• **WORK ORDER**:
Leave out the pictures and restate exactly, and only, the lines from the one that contains "Alt view image" through the final line of the material below.

• **DATASET EXCERPT**:
╭──
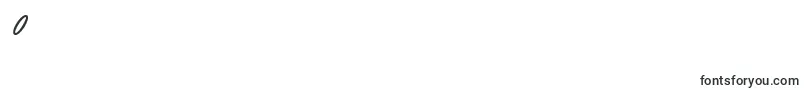 Pressdarlingcondital Font – Fonts for Digit 0
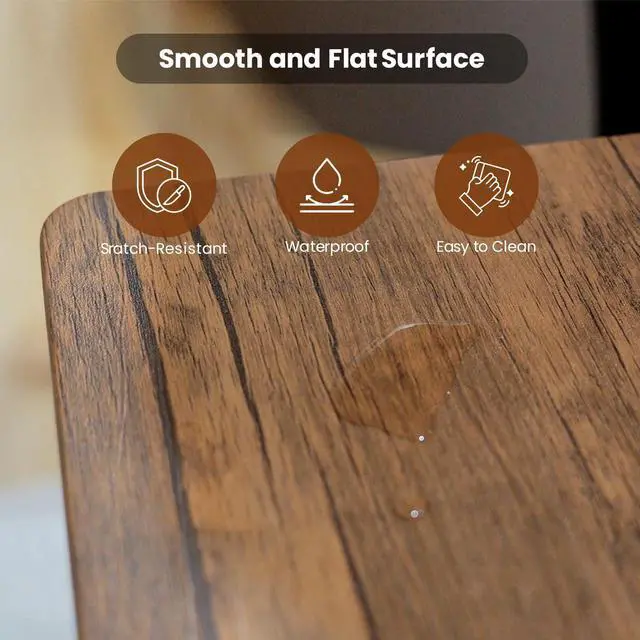 Alt view image 5 of 6 - Dining Table Set for 4, Wood Kitchen Table and Chairs,Oval Backrest Kitchen & Dining Room Tables, Dinette Set for Small Space, Dining Room, Breakfast Nook, Apartment, Brown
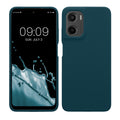 kwmobile Hülle kompatibel mit Motorola Moto G05 / Moto E15 Hülle - Silikon Handy Case - Handyhülle weiche Oberfläche - kabelloses Laden - Petrol Petrol  
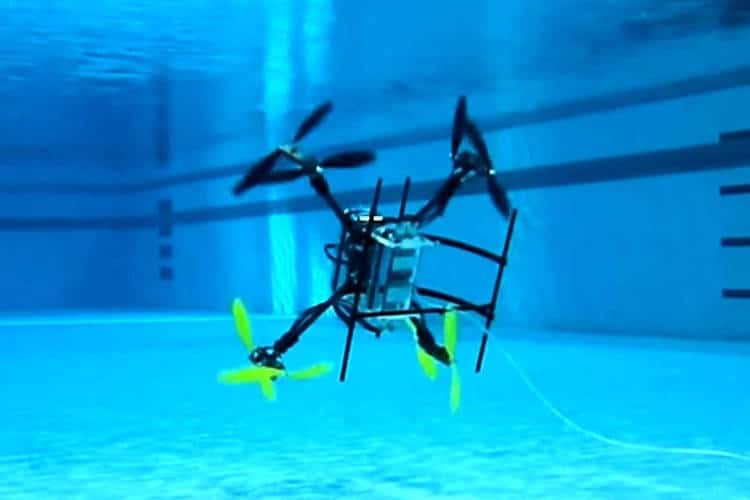 drone naviator pour explorer les fonds sous-marin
╰──
• **RESPONSE TO THE EXERCISE**:
 Alt view image 5 of 6 - Dining Table Set for 4, Wood Kitchen Table and Chairs,Oval Backrest Kitchen & Dining Room Tables, Dinette Set for Small Space, Dining Room, Breakfast Nook, Apartment, Brown
 kwmobile Hülle kompatibel mit Motorola Moto G05 / Moto E15 Hülle - Silikon Handy Case - Handyhülle weiche Oberfläche - kabelloses Laden - Petrol Petrol  
 drone naviator pour explorer les fonds sous-marin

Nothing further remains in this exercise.